Все это не может не сказаться на взаимоотношениях сознания со звуковой субстанцией, ибо сознание, обученное методике чтения линейной нотации, никогда уже не сможет непосредственно слиться со звуковым потоком ввиду того, что в сферу слухового опыта, вольно или невольно, отныне всегда будет привноситься визуальный аналитический контроль, а последование подобий отныне всегда будет рассматриваться через призму последования тождеств и различий. Вот почему можно утверждать, что введение линейной нотации делает невозможным не только реальное пребывание сознания в мелодическом пространстве cantus planus, но подрывает сами основы аудиальной общности, и вместе с этим и основы старой монашеской общности вообще. С введением линейной нотации кончается эра монашеского пения и начинается эра музыки кафедральных соборов, кончается эпоха cantus planus и начинается эпоха музыки res facta. Собственно говоря, основополагающее отличие музыки res facta от cantus planus как раз и заключается в том, что в музыке res facta сфера слухового опыта начинает контролироваться и даже регламентироваться сферой визуального опыта, и инструментом этого контроля и этой регламентации становится линейная нотация.

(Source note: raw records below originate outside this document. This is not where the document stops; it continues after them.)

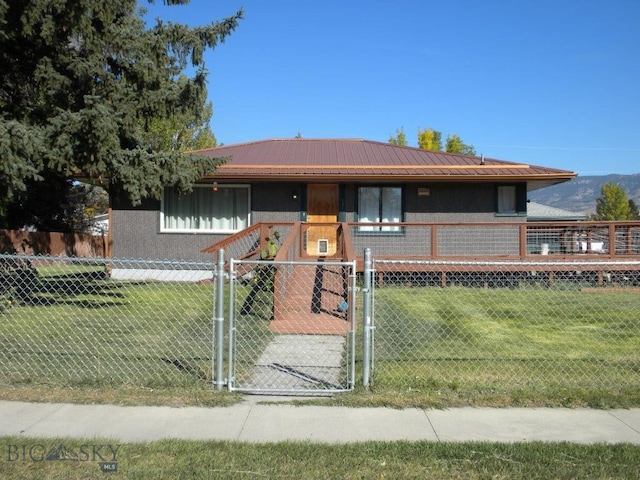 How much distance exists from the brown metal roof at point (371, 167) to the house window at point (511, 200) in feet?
1.65

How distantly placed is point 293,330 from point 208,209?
29.2 feet

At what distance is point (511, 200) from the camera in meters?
17.4

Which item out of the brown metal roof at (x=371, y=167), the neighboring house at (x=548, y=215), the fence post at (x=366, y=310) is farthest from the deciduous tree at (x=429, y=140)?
the fence post at (x=366, y=310)

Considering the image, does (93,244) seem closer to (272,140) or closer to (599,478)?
(272,140)

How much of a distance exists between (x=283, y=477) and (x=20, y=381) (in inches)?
146

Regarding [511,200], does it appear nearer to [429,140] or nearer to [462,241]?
[462,241]

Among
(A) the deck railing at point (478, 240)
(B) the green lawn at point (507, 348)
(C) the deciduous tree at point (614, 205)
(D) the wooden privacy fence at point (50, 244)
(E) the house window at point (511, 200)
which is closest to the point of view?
(B) the green lawn at point (507, 348)

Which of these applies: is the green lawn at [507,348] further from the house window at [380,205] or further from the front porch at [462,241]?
the house window at [380,205]

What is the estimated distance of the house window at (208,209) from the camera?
17.5 meters

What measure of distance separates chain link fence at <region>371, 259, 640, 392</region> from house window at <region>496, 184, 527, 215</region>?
6.92ft

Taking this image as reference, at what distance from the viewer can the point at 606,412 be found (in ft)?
19.2

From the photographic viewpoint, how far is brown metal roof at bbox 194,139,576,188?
54.0ft

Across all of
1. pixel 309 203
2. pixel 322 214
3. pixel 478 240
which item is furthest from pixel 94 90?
pixel 478 240

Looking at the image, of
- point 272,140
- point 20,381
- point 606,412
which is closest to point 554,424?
point 606,412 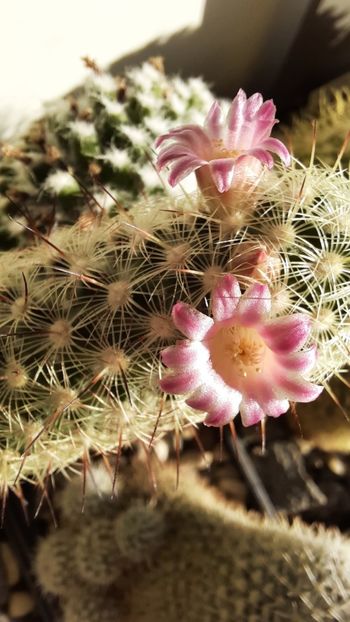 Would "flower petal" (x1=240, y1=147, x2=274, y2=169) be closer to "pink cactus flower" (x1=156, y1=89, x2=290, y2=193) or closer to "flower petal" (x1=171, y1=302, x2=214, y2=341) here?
"pink cactus flower" (x1=156, y1=89, x2=290, y2=193)

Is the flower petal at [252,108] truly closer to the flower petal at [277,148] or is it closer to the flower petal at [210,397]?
the flower petal at [277,148]

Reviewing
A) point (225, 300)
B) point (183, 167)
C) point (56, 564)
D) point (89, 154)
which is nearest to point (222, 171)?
point (183, 167)

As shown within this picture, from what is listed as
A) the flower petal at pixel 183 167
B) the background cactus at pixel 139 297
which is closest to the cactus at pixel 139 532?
the background cactus at pixel 139 297

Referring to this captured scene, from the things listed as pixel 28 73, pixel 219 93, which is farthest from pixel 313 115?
pixel 28 73

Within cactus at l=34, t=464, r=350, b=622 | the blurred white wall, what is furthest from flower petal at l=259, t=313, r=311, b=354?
the blurred white wall

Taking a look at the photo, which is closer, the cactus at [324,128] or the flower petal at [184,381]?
the flower petal at [184,381]

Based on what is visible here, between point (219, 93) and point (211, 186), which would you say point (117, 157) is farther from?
point (219, 93)

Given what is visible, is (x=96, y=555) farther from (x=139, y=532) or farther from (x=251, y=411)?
(x=251, y=411)

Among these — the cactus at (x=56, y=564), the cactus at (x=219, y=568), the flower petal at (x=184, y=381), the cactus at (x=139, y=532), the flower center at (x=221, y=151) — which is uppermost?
the flower center at (x=221, y=151)

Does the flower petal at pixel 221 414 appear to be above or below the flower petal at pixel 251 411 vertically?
above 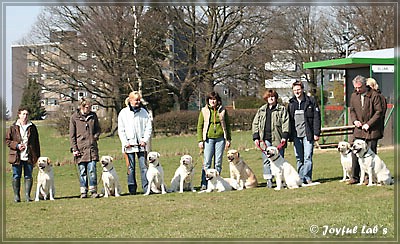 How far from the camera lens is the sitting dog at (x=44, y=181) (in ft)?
34.8

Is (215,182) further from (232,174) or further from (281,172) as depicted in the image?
(281,172)

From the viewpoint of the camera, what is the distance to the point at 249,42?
34.7m

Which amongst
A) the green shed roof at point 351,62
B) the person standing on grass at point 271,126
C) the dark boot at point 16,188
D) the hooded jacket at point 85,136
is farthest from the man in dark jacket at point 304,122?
the green shed roof at point 351,62

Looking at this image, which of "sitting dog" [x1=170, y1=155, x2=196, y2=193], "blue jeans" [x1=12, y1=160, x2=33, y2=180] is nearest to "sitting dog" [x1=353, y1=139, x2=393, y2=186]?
"sitting dog" [x1=170, y1=155, x2=196, y2=193]

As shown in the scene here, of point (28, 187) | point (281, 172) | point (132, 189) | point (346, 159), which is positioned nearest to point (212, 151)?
point (281, 172)

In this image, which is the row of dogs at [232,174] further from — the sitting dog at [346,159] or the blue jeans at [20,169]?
the blue jeans at [20,169]

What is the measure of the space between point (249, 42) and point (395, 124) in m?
16.3

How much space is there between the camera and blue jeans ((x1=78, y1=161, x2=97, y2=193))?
10.6 meters

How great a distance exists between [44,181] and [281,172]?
400cm

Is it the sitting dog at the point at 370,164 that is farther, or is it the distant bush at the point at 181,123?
the distant bush at the point at 181,123

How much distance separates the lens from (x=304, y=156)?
1081cm

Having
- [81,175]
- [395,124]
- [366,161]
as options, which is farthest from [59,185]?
[395,124]

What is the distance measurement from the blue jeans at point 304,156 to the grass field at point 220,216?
400mm

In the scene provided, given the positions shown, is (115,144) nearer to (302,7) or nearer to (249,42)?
(249,42)
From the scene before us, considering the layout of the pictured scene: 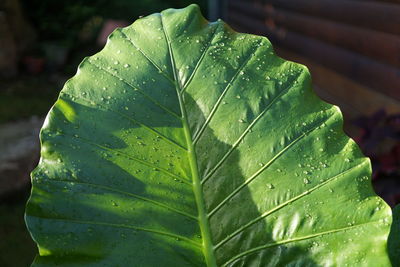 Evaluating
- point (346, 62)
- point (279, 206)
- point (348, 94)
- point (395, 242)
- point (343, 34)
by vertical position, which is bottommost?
point (348, 94)

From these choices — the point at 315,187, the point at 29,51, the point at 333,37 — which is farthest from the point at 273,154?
the point at 29,51

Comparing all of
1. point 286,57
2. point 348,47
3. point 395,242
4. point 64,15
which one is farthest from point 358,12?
point 64,15

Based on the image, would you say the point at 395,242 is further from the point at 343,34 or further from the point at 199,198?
the point at 343,34

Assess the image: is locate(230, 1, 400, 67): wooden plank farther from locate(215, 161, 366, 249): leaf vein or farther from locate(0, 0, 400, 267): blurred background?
locate(215, 161, 366, 249): leaf vein

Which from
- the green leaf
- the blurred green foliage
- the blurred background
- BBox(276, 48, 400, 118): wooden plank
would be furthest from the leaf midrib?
the blurred green foliage

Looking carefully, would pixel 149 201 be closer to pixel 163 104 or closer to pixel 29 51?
pixel 163 104

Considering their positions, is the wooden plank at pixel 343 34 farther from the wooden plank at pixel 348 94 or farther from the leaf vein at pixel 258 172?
the leaf vein at pixel 258 172

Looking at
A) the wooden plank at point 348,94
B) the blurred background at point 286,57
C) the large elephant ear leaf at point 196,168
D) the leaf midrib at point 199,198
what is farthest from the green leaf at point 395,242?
the wooden plank at point 348,94

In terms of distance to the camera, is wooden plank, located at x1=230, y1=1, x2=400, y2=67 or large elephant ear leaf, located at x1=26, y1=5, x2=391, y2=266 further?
→ wooden plank, located at x1=230, y1=1, x2=400, y2=67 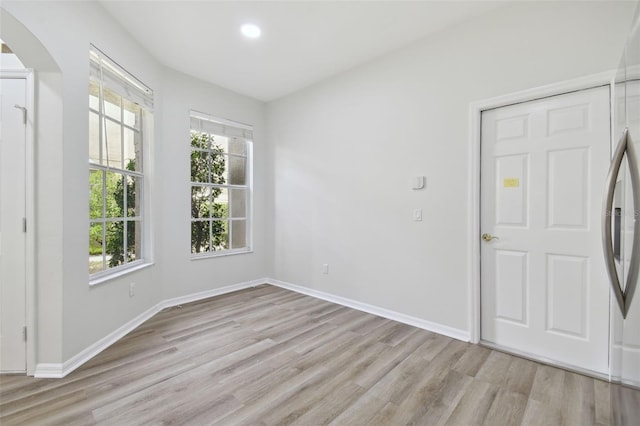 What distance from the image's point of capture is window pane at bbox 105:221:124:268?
2.73 metres

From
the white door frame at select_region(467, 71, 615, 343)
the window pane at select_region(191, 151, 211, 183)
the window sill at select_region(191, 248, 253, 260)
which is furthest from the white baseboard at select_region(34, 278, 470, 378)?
the window pane at select_region(191, 151, 211, 183)

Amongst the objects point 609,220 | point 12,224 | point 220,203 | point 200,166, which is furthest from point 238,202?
point 609,220

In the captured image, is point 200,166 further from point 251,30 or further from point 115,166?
point 251,30

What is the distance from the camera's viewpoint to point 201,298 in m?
3.83

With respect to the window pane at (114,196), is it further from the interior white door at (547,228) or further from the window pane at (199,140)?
the interior white door at (547,228)

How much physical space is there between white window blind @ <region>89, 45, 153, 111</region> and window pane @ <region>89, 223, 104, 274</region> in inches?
50.6

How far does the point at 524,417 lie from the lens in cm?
168

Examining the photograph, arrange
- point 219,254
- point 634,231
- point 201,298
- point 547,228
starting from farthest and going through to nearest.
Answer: point 219,254
point 201,298
point 547,228
point 634,231

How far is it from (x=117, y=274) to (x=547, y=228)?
3764 millimetres

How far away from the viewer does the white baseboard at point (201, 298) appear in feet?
6.77

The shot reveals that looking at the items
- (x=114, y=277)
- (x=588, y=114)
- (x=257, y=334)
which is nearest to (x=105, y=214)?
(x=114, y=277)

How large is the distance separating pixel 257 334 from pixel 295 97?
3201 millimetres

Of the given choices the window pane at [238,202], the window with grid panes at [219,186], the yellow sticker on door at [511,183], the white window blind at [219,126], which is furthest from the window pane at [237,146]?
the yellow sticker on door at [511,183]

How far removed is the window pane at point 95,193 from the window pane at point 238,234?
1.90 m
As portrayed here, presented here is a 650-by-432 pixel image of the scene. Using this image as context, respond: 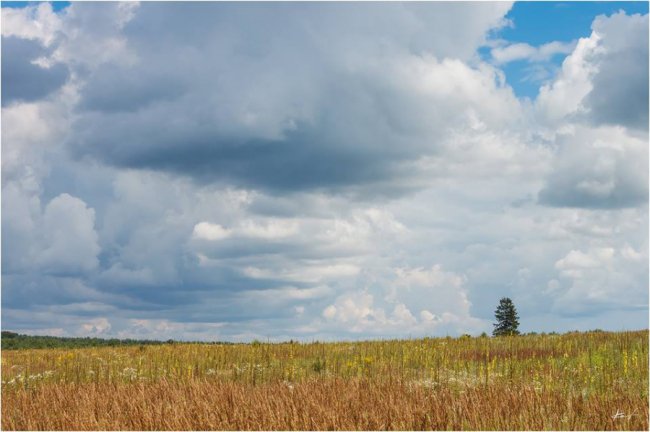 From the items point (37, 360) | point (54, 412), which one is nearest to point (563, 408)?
point (54, 412)

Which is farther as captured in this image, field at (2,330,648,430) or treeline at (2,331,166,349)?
treeline at (2,331,166,349)

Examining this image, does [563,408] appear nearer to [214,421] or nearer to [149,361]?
[214,421]

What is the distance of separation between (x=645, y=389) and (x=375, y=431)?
277 inches

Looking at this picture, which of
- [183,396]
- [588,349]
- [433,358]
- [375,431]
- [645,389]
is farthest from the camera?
[588,349]

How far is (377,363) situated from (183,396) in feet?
26.9

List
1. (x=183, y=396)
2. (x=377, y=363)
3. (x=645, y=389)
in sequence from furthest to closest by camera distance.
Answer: (x=377, y=363) < (x=645, y=389) < (x=183, y=396)

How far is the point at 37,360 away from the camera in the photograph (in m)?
22.8

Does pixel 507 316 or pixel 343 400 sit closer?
pixel 343 400

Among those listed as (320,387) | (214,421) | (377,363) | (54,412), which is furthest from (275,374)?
(214,421)

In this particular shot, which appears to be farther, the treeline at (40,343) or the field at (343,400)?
the treeline at (40,343)

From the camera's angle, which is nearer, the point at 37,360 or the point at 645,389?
the point at 645,389

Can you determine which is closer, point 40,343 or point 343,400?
point 343,400

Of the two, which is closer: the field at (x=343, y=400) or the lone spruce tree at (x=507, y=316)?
the field at (x=343, y=400)

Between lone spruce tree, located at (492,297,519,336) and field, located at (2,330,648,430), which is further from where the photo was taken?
lone spruce tree, located at (492,297,519,336)
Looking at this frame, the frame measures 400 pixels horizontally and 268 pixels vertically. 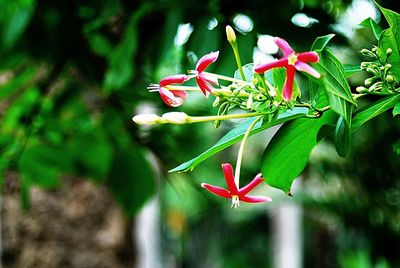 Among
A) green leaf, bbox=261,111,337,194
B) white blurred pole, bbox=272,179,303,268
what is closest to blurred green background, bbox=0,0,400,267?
green leaf, bbox=261,111,337,194

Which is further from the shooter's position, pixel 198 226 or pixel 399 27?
pixel 198 226

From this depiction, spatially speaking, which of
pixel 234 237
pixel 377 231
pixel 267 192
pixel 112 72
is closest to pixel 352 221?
pixel 377 231

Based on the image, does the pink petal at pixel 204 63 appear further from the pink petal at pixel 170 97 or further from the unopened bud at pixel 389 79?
the unopened bud at pixel 389 79

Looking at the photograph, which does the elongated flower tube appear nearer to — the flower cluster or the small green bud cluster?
the flower cluster

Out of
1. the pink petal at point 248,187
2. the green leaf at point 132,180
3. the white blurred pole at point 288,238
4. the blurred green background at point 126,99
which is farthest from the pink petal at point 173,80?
the white blurred pole at point 288,238

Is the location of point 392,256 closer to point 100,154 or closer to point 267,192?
point 100,154

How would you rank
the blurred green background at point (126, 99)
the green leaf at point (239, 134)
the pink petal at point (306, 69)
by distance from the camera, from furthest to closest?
the blurred green background at point (126, 99), the green leaf at point (239, 134), the pink petal at point (306, 69)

Линейная нотация по своему принципу действия схожа с алфавитным письмом, а алфавит, как утверждает Мак–Люэн вслед за Гарольдом Иннисом, «является агрессивной и воинственной фор мой, поглощающей и трансформирующей культуры»[63]. В подтверждение этого положения он ссылается на миф о древнегреческом царе Кадме, введшем фонетический алфавит и посеявшем зубы дракона, которые дали всходы в виде вооруженных воинов. Алфавитное письмо, подобно зубам дракона, вгрызается в действительность и, подобно армии вооруженных воинов, устанавливает новый мировой порядок. Оно является одновременно и причиной и следствием «выделения визуального восприятия из его обыч ной включенности в аудио–тактильное взаимодействие чувств. Лменно этот процесс, вызванный опытом освоения фонетического письма, меняет мир древних обществ, изгоняя из него «священные», или космические, пространство и время, и формирует лишенное родовых черт, или «мирское», пространство и время цивилизованного и прагматичного человека»[64].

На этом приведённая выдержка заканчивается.